"Soldiers of God" have New Mexico town abuzz


El Paso Times/June 25, 1995
By Dan Williams

BERINO, NEW MEXICO - Their neighbors in this quiet farming community rarely see the strangers who bought the old school building across the tracks. But they can't help wondering about the "missionaries" who moved in two years ago.

Is the Aggressive Christianity Missions Training Corps a religious cult? Are members harboring weapons, recruiting and brainwashing children - things they were accused of doing when their headquarters were in California? Or are the self-proclaimed "Soldiers of God" simply people who practice their religious freedom, bake and sell bread and insist on privacy?

Current group members aren't offering any clues, but El Pasoan Bob Heddon, 65, remembers why he beat a hasty retreat after joining the Berino group seven months ago. Heddon, still recovering emotionally from the death of his wife, was looking for Christian fellowship and Bible study. What he found in Berino was something quite different.

Group members wore black uniforms with berets, saluted and addressed each other by military titles.

"There wasn't a Bible in sight," Heddon said. "They had sort of holy roller-type prayer meetings in the mornings and in the evenings where everyone rolled around on the floor and talked in tongues."

No televisions, no radios, no children's toys were in sight at the schoolhouse, Heddon said. The bottom floor was a huge kitchen, where "soldiers" baked hundreds of loaves of bread every morning. The upper floor was full of Wisdom's Cry, a tabloid newspaper published and mostly written by the group's leaders.

Several attempts by the El Paso Times to contact the group by telephone, personal visits and certified mail were unsuccessful. On one occasion, a group member fled into the building when a reporter approached - then declined to answer the door.

Residents in tiny Berino, about 25 miles north of El Paso on Highway 478, may never know exactly what goes on behind the closed doors and heavy-curtained windows of their old red-brick schoolhouse, which closed in the mid-1950s.

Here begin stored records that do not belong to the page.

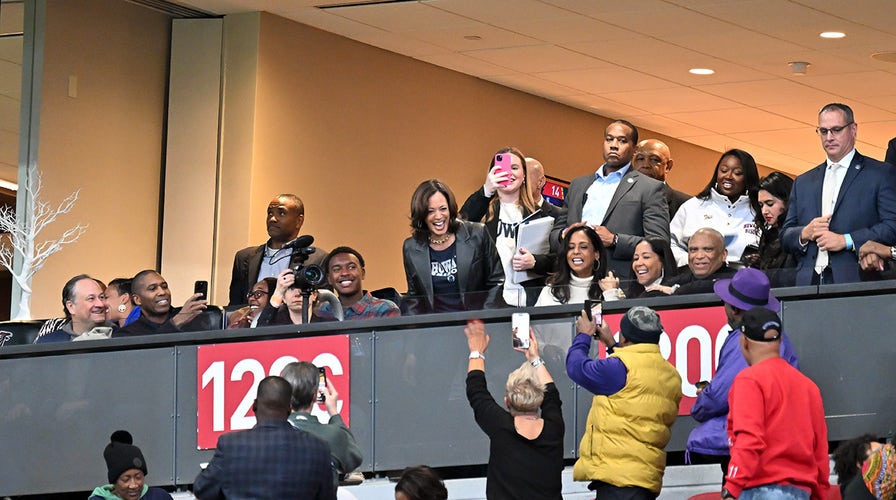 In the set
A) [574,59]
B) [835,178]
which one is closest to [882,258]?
[835,178]

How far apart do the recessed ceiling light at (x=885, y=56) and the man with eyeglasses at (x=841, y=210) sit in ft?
20.2

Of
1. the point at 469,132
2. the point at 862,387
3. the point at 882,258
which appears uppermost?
the point at 469,132

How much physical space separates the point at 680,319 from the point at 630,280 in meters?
0.43

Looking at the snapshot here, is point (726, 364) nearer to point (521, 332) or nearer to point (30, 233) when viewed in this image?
point (521, 332)

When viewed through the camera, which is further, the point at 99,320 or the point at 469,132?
the point at 469,132

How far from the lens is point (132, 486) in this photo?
8883 mm

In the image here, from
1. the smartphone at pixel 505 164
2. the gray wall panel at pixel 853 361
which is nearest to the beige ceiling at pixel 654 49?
the smartphone at pixel 505 164

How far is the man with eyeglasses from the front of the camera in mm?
8758

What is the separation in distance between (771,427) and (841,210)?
2376 millimetres

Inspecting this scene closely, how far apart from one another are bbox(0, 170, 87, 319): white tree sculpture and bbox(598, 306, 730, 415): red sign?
6241mm

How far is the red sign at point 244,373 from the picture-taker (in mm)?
9703

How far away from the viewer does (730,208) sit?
10516 mm

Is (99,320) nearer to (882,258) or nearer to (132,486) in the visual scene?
(132,486)

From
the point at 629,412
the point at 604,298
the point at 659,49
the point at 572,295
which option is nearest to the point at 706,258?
the point at 604,298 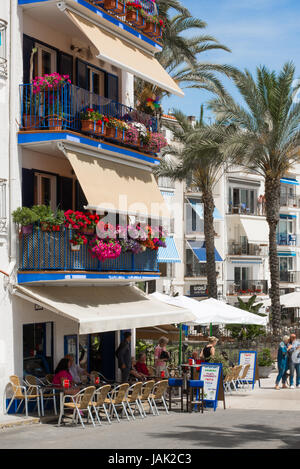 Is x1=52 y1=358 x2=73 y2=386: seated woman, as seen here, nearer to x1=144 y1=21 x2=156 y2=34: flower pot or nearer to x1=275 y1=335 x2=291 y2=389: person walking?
x1=275 y1=335 x2=291 y2=389: person walking

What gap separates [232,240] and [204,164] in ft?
102

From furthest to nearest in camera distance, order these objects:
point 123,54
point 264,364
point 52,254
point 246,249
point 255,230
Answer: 1. point 255,230
2. point 246,249
3. point 264,364
4. point 123,54
5. point 52,254

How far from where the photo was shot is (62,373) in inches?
794

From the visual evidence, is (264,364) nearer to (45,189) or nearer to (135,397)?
(135,397)

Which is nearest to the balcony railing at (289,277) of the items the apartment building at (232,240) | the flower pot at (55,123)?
the apartment building at (232,240)

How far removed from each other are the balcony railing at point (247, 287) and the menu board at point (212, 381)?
45.2 m

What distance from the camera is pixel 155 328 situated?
29.0 meters

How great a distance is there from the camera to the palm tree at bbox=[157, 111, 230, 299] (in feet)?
124

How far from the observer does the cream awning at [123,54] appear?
2191 cm

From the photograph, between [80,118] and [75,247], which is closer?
[75,247]

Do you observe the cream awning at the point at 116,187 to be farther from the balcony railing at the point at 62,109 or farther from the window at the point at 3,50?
the window at the point at 3,50

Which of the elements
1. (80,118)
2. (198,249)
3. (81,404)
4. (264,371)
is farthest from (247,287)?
(81,404)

Sometimes, they see the "soldiers" out landscaping, tending the garden, loading or unloading two big trucks. Occasionally, group members step out for a morning run or stop by the post office. Dressed in conservative, everyday clothing, some drive to El Paso or Las Cruces, where they sell baskets of bread and distribute literature.

"But mostly, they just keep to themselves," Berino postmaster Ernestina Acosta said. The post office and her home are across the highway from the old schoolhouse. "They're good neighbors, hard workers, very quiet, courteous people."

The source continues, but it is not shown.